The whitening agent mainly absorbs ultraviolet rays in sunlight to excite molecules, then returns to a ground state, and is converted into blue-violet light with lower energy to develop color, so that yellow light with excessive reflection of an original object is counteracted, and the whitening effect is achieved. However, in the actual use process, the water quality, heavy metal ions and added additives all have great influence on the whitening effect. In addition, the existing polyester whitening process is a water-based treatment process and needs a plurality of water washing procedures.
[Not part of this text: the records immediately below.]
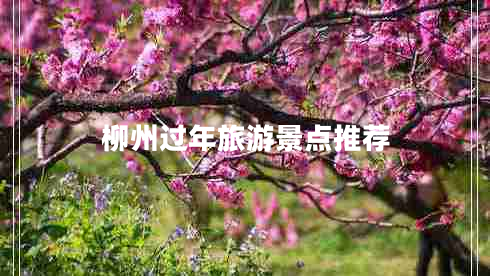 柳州過(guò)年旅游景點(diǎn)推薦
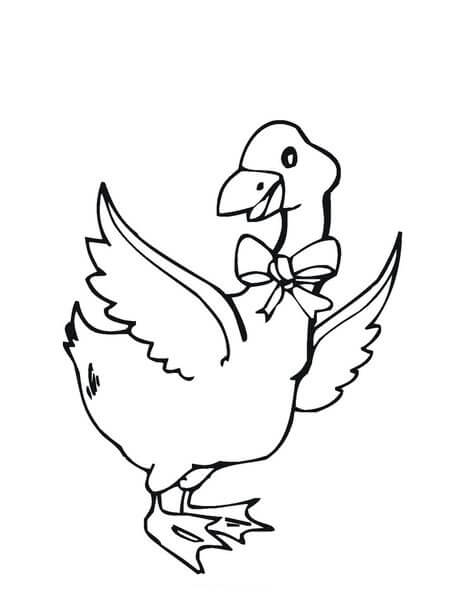 Dibujo de Hermoso Ganso para Colorear y Imprimir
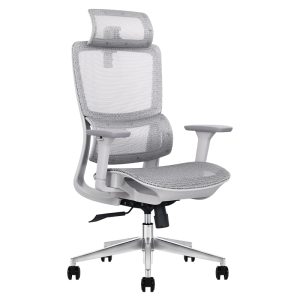 Ghế công thái học Ergonomic Wave PL168A-GR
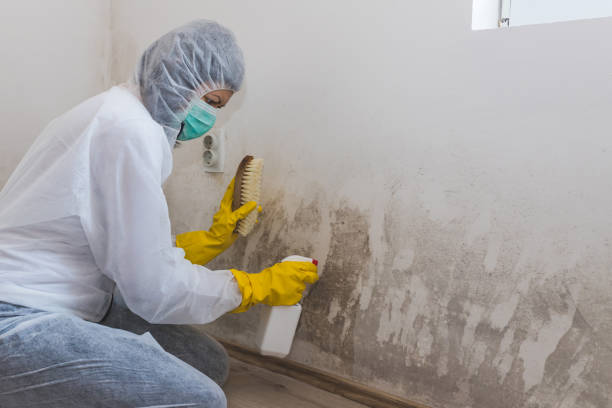 Best Emergency Mold Removal  in Neodesha, KS
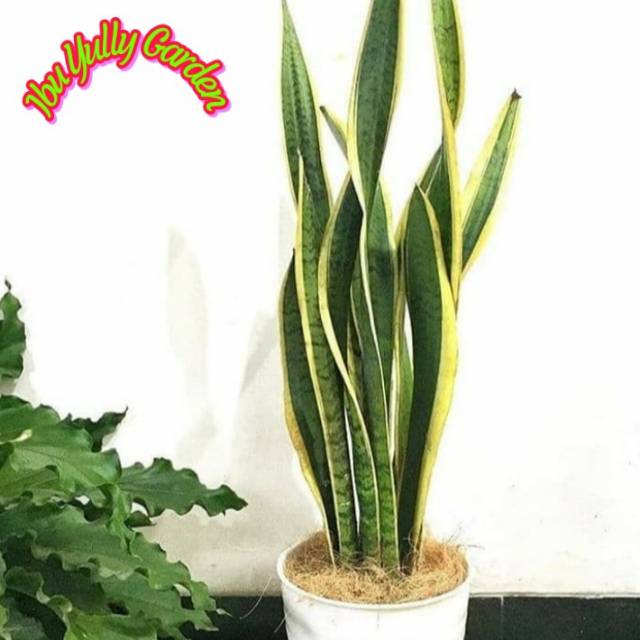 Jual Tanaman Sansevieria Lidah Mertua Plus Pot Tawon Putih Dan Batu ...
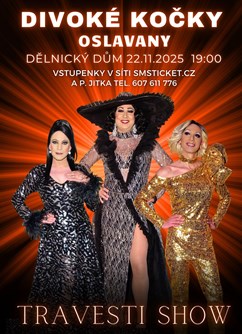 Travesti show Divoké kočky v Oslavanech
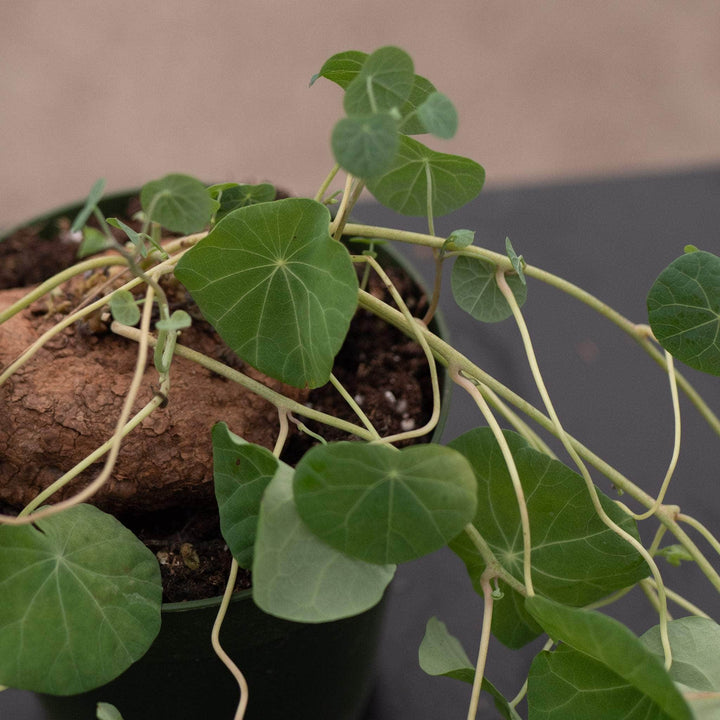 Gabriella Plants Succulent/Cactus 4" Stephania erecta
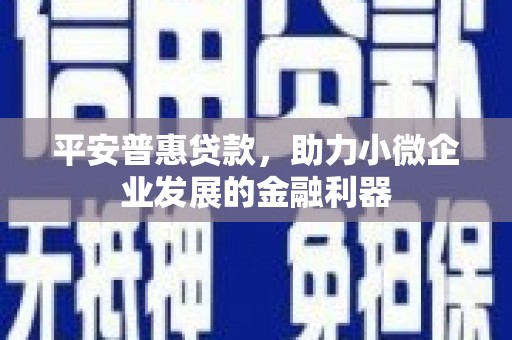 西吉平安普惠贷款，助力小微企业发展的金融利器
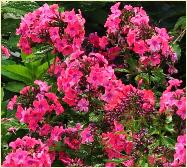 Phlox paniculata 'Spit Fire'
The dyeing and finishing process time is shortened, the wastewater discharge is reduced, and the effects of whitening, consumption reduction and water saving are realized.
Chinese published patent document (CN 108842342A) discloses a method for whitening polyester yarns by using anhydrous dyeing equipment for cone yarns, but the selected whitening agent is liquid, on the one hand, supercritical CO is adopted 2 The system has aggregation and density inconsistency, and the liquid whitening agent and CO are mixed 2 The mixed phase and the unmixed phase generated after the contact directly influence the uniform dispersibility of the whitening agent, are extremely difficult to control the process and are easy to generate uneven bleaching; on the other handThe whitening agent is placed in a dye tank in the dye kettle, the dye tank is of a porous structure, and the liquid whitening agent is easy to flow out, so that the whitening agent enters CO 2 Pipe lines, aggravate whitening agent and CO 2 Are immiscible and are difficult to remove by dissolution.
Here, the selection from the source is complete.